What is considered the most modern method of preservation?
Among the oldest methods of preservation are drying, refrigeration, and fermentation. Modern methods include canning, pasteurization, freezing, irradiation, and the addition of chemicals.
Freezing is one of the most common food preservation techniques we have. Today, there are cold chain programs for every part of the food industry.
Drying is the oldest method of food preservation. This method reduces water activity which prevents bacterial growth. Sun and wind are both used for drying.
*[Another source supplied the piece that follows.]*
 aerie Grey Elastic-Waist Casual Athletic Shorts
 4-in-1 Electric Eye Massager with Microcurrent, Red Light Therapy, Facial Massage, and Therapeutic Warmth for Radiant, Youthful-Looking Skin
High acid foods use a boiling water canner, typically this type of canning makes jams, sauerkraut, pickles, relishes, chutneys, condiments or fruit butters. Whereas low acid foods are canned using a pressure canner. A higher temperature is required to kill bacteria.
Dehydrating is one of the best preservation methods for long-term storage. When stored in an airtight container, dehydrated foods last years, sometimes even decades. Another perk of dehydrating is that the food retains 97 percent of its original nutritional content.
Modern methods include canning, pasteurization, freezing, irradiation, and the addition of chemicals.
Freezing food is quick, easy and probably the most affordable method of food preservation. Many foods can be frozen without disruption of flavor, color and nutritional value. Freezing slows growth of enzymes but does not eliminate them.
Next to freezing, cold cellaring is probably the easiest form of food preservation. In fact, it's even easier than freezing because it requires almost no prep work. It does, however, require access to a root cellar or at least a cold room in your house or garage that will keep foods cool and moist.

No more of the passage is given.